The original film’s screenplay is silent on the characters’ backstory, which provided an opportunity for the TV series’ writers and actors to “tease out who these characters are, to really start from scratch”, Moyer tells The Daily Beast’s Obsessed, a freedom he took to with relish. As “a massive fan of the film”, he was particularly captivated by how well it plumbed the depths of its characters’ psychology as “a gangster film about male anxiety around emasculation, status, and power, and people being forced to do things that they don’t want to do.”
Knowing where Teddy would end up, and that his performance would need to mesh with Ian McShane’s dangerously mesmerizing turn in the film, gave Moyer both structure and space as he prepared to play a very Big Bad.
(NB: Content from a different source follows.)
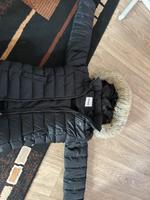 Tommy Jeans Jacke abzugeben ❤️ Sachsen-Anhalt - Halle Vorschau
Best of all, the writers provided one further detail about Teddy that helped him unlock the character: Teddy Bass was a teen runaway who came to London in his early teens. Moyer took the notion and ran with it, writing “a biography of who Teddy is before he arrives, and what he had to experience to survive in London by himself—how that affected him, and what he has become because of it.”
The darkness of that backstory manifested itself in a shocking sequence in Episode 2 of Sexy Beast, which is now streaming. (And this is a series in which Teddy shot a man point-blank in the face in the series premiere, so the bar is high for “shocking.”)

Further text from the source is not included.